KedaiPena.Com – Gerakan Mahasiswa 77/78 menolak segala bentuk pelemahan Komisi Pemberantasan Korupsi (KPK). Perwakilan aktivis, Syafril Sofyan mengatakan, pihaknya mengikuti secara seksama kondisi dan perkembangan yang terjadi berupa kemelut lembaga negara KPK RI, akibat adanya revisi UU KPK.
Dia mencermati, terjadi reaksi yang keras di kalangan masyarakat, mengingat revisi UU KPK ini cacat formal karena tidak masuk dalam daftar prolegnas prioritas 2019.
“Sangat kuat kesannya untuk kejar tayang dan dipaksakan pada akhir masa jabatan DPR-RI, tidak dilibatkannya elemen masyarakat sipil dan pimpinan KPK dalam pembahasan revisi UU KPK merupakan kesalahan fatal DPR dan Pemerintah Jokowi saat ini. Menimbulkan reaksi dari pimpinan KPK yang masih formal menjabat,” kata dia, kepada KedaiPena.Com ditulis Selasa (17/9/2019).
Mengingat KPK didirikan merupakan amanah rakyat Indonesia di era reformasi sebagai lembaga tinggi negara yang bersifat ‘extraordinary’ yang berfungsi sebagai lembaga tinggi Negara sebagai pemberantas korupsi. Berbeda dengan lembaga biasa seperti kepolisian dan kejaksaan.

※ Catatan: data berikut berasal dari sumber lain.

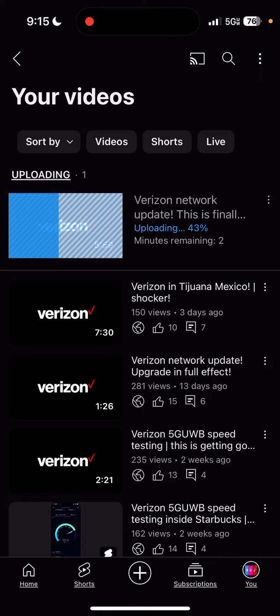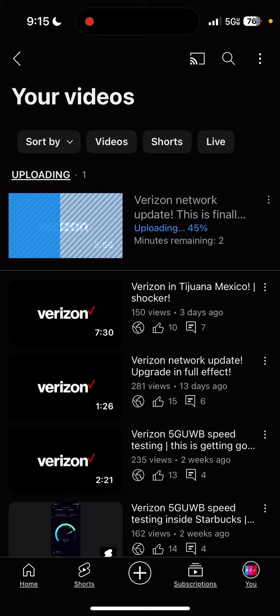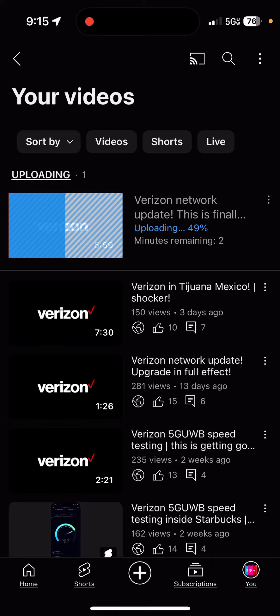Verizon finally has optimized this area and I'm just showing you the performance. This is a five-minute video that I'm uploading about Verizon — this area finally got upgraded and it's uploading pretty fast. The upload speed was like about 15 to 28 down, and honestly that's still pretty fast. You can upload anything as long as you have a signal.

“Kami mengingatkan kepada Presiden RI dan DPR-RI untuk berhati-hati dalam melakukan revisi UU KPK yang berakibat terhadap melemahnya fungsi KPK dalam memberantas korupsi,” tegas dia.
Safril menambahkan, pihaknya meminta DPR-RI dan Presiden Jokowi untuk melakukan revisi UU KPK RI tidak terburu-buru dengan mengikuti prosedur secara benar dan melibatkan pimpinan lembaga Negara KPK untuk ikut dalam pembahasan.
“Lakukan revisi secara terbuka mengikut sertakan masyarakat anti korupsi dan para ahli serta akademisi. Presiden Jokowi lebih baik menghentikan pembahasan Revisi UU KPK untuk sementara waktu, sehingga proses pembahasan bisa berjalan secara benar dan baik oleh DPR yang baru,” pintanya.
Proses revisi UU KPK, oleh DPR dan Presiden RI dilakukan secara terpaksa dan terburu-buru serta tertutup dengan tidak mengindahkan kaidah proses demokrasi, ternyata melemahkan fungsi-fungsi KPK. Gerakan 77/78 mengajak seluruh elemen masyarakat Indonesia menolak UU tersebut dan mengajukan mosi tidak percaya terhadap DPR-RI dan Pemerintah.
“Sebagai lembaga tinggi Negara yang independen dengan tugas yang sangat khusus, merupakan keharusan bagi semua Komisioner KPK terpilih untuk mengundurkan diri dari jabatan dan kesatuan yang dia sandang. Jika tidak, komisioner yang bersangkutan harus mengundurkan diri dari KPK atau diberhentikan. Untuk hal tersebut Presiden harus punya ketegasan dan keberpihakan terhadap pemberantasan korupsi,” desak Syafril.